Originally Posted by gcgang
According to the above referenced Vanguard prospectus, you must be going out 20 years to get your 1%. Didn't they decline almost 20% last year? The Vanguard fund lost 9% in 2013. Doesn't seem a whole lot safer than stocks. I agree with the previous poster, that you may want to wait until yields get closer to their historical norm before loading up on TIPs.
Bernsteins Investor Manifesto states that the 30 years between 1952 and 1981 long term Treasury bonds returned just 2.33% while inflation was averaging 4.31%. While you aren't risking the 40% stock loss in one year, you lost over 60% during those 30 years. Interest rates are lower now than they were in 1952. During the same period stocks made 9.89%, five percent better than inflation. A 20-25% equity weighting could increase your returns and reduce your risk.
I am not buying TIPS funds. I am not buying long term Treasury bonds. I am buying TIPS at auction with set maturity dates and dollar cost averaging their yields over time, plus assorted other investments. I don't want to risk losing half my life savings at my age by having a poor sequence of returns risk early on in retirement:
"You can reduce the sequence-of-returns risk by reducing the risk of the portfolio. In other words, said Bernstein, “own less stocks.”

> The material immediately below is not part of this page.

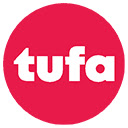 Tufa  screen for extension Chrome web store in OffiDocs Chromium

“To really get constant spending, one should be looking to hold fixed-income assets to maturity or use risk-pooling assets such as annuities,” Pfau wrote. “The inefficiencies of a constant spending strategy using volatile assets may be explained because of the added sequence-of-returns risk which offers no reward to investors.”
Others endorse this tactic too. “You can completely eliminate sequence-of-return risk by investing the money you need to spend in retirement in a safe bond ladder or fixed annuities,” said Cotton. “If you’re fortunate enough to have some left over, you can buy and hold stocks with that money.”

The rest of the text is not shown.